Just how much ink and how many bytes have been spent on the topic? Just Security published a handful of these essays (by Koh, Lederman, Schmitt and Ford). Ryan Goodman even went a step further, soliciting the opinions of expert lawyers in an effort to map their legal understanding of the strikes. So did Opinio Juris (Heller, Ku, Ohlin, Swaine, and Simons), Lawfare (Wuerth, Reeves, Deeks, Adams, and Bellinger) EJIL: Talk, (Milanovic, O’Meara, and Hakimi) and Chatham House (Saul). Major newspapers and news sites also spent lots of time on the international implications of the US strike. The New York Times tabulated which countries supported and opposed the strike, while the Guardian and Politico wrestled with their international legality, calling on international law professors and lawyers to weigh in.
The Strikes No Lawyer Writes About
But not all strikes garner this much attention. Last week, warehouses around the Damascus airport were bombed in an attack for which Syria is blaming Israel. Now, Israel did not confirm nor deny this strike, but its Minister of Intelligence, Yisrael Katz, in essence acknowledged the attack, confirming in a radio interview that “the incident in Syria completely conforms to Israel’s policy, to act so as to prevent the smuggling of advanced weapons from Syria to Hezbollah in Lebanon by Iran.”
How many scholars do you reckon will write legal analyses of this strike? How many articles and blog posts will be published in the coming days with a thought-provoking review of UN Charter complexities surrounding Israel’s actions in Syria?
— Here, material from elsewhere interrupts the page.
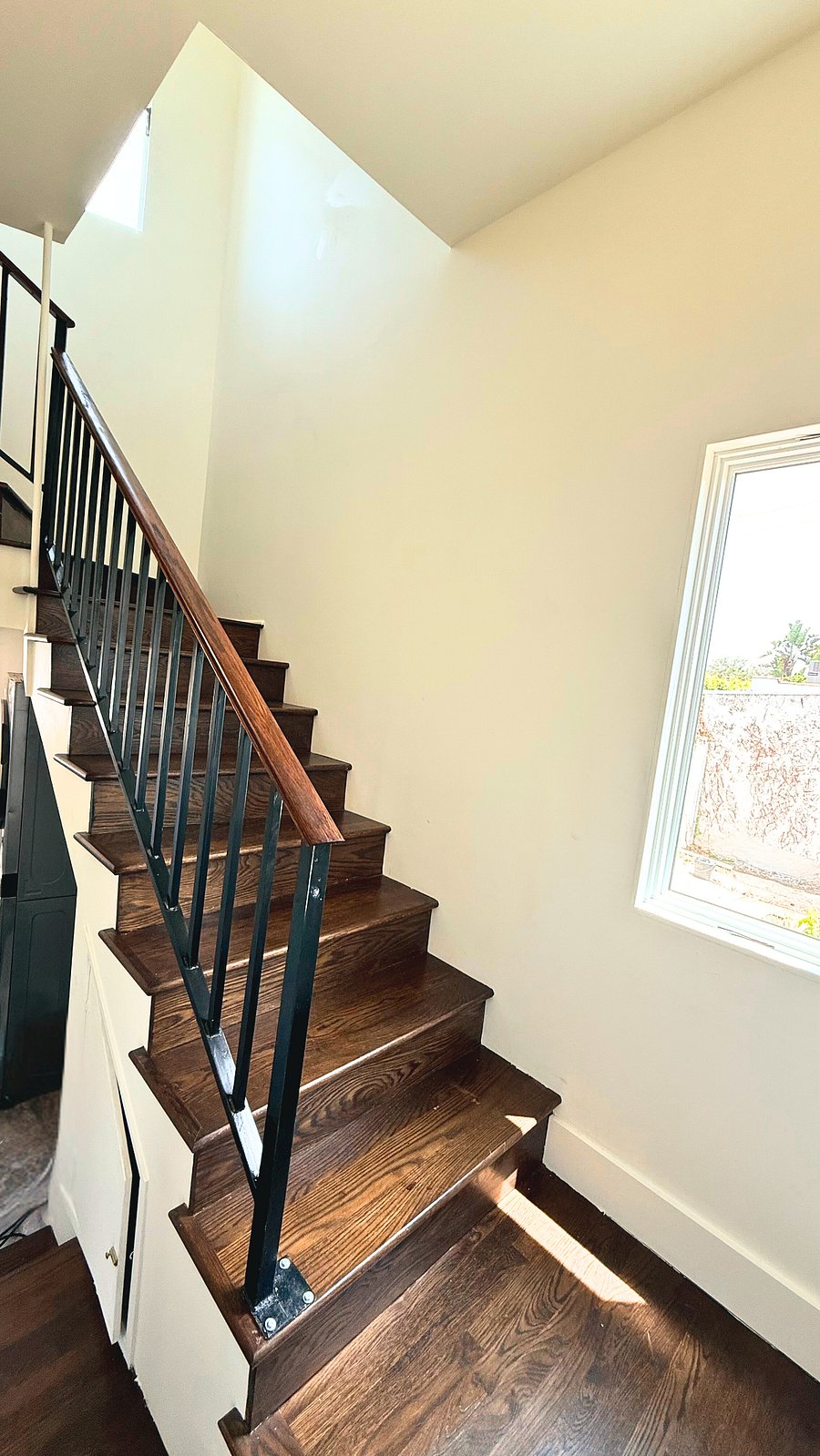 Private entry & stairwell leading to the unit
How many international conferences will run breakout sessions to discuss the implications of this strike? I can make a relatively safe prediction for you: absolutely zero. I base my prediction on the fact that since the Syrian Civil War commenced Israel has engaged in at least 17 of these strikes, and with the exception of one (the Council of Foreign Relations wrote about one from 2013), the blogosphere has remained silent.
Israel’s most recent strikes include an airstrike in January against the al-Mezzeh Military airport, located in a suburb of Damascus. According to one report the target of the attack was a shipment of precision ground-to-ground missiles for Hezbollah. A December 2016 airstrike, also against al-Mezzeh Airport, targeted a weapons depot. The strike killed and injured a number of Hezbollah operatives. According to the Kurdish Website ARA News, the targets of the attack were guided-missiles sites belonging to Hezbollah. A November 2016 attack west of Damascus struck near the town of As’saboura. According to one report, Israel hit an arsenal belonging to the Syrian Army’s Fourth Division, and a convoy of vehicles belonging to the Syrian Army, both of which supplied weapons to Hezbollah. No one was hurt or killed during these attacks.
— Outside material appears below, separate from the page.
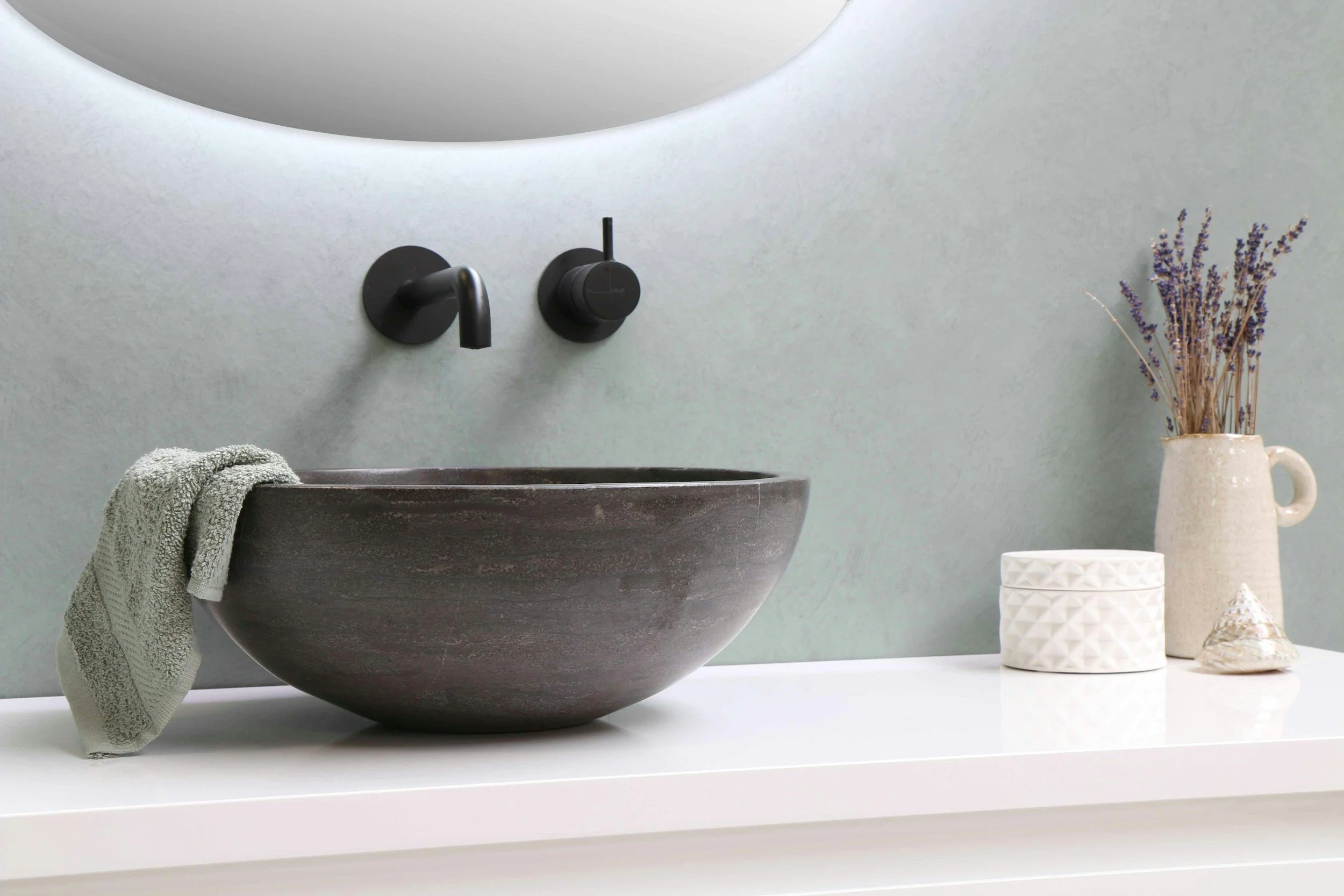 A modern bathroom sink setup with a rounded dark gray stone basin, black matte faucet, and matching black knobs, with a vintage-style white ceramic vase filled with dried lavender, a small patterned cup, and a seashell on a white countertop against a light neutral wall.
Other reported attacks go back even further: a January 2013 attack against an arms convoy at a military facility at Jamraya carrying advanced anti-aircraft missiles, an April and May 2013 strikes against arms shipments near Damascus destined to Hezbollah, a July 2013 attack against a Syrian army base near Quneitra, an October 2013 attack on a Syrian missile base near Latakia, a January 2014 attack against a military base in the area of Latakia port, a February 2014 strike against a convoy in border area carrying missiles from Syria to Lebanon, a December 2014 attack on Damascus International Airport, and a January 2015 attack on a Hezbollah force in the Quneitra area where senior Hezbollah leader Jihad Mughinyeh was killed.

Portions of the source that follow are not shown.